#### [TASK DIRECTIONS]
Only the lines from the one with "2024年社会工作者之中级社会工作实务模考模拟试题(全优)" to the end of the data below should be given again, exactly, with both ends included and pictures omitted.

#### [COLLECTED MATERIAL]
————————
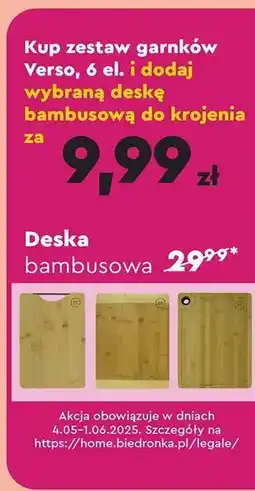 Biedronka Deska bambusowa oferta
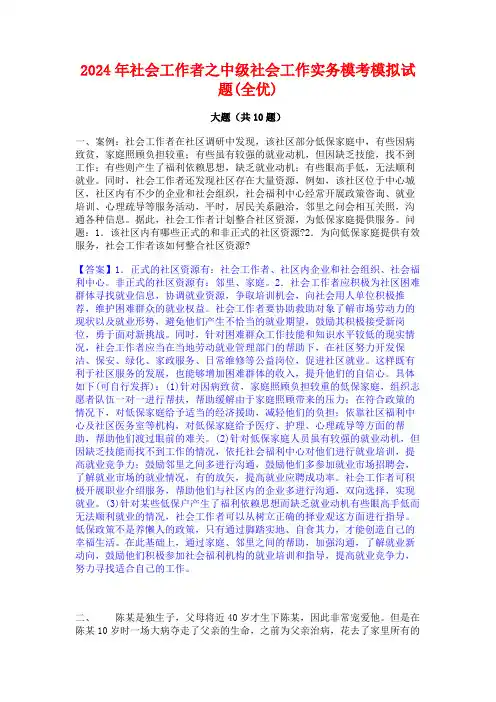 2024年社会工作者之中级社会工作实务模考模拟试题(全优)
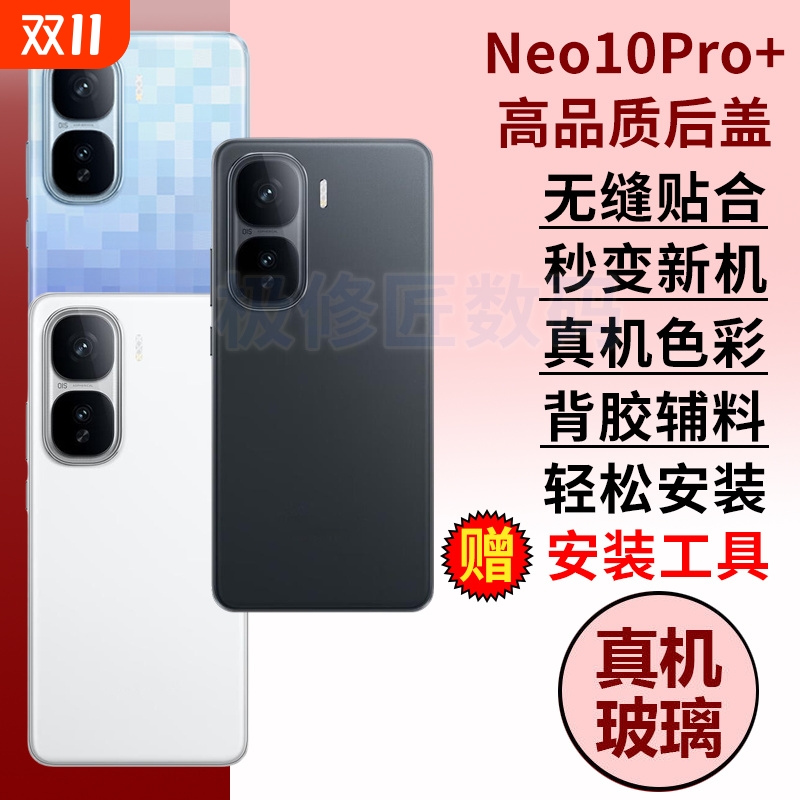 适用于iQOO Neo10Pro+后盖玻璃手机外壳iQOONEO10PRO十电池后屏背壳替换原改装背屏板后壳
————————
#### [ANSWER SPACE]
 2024年社会工作者之中级社会工作实务模考模拟试题(全优)
 适用于iQOO Neo10Pro+后盖玻璃手机外壳iQOONEO10PRO十电池后屏背壳替换原改装背屏板后壳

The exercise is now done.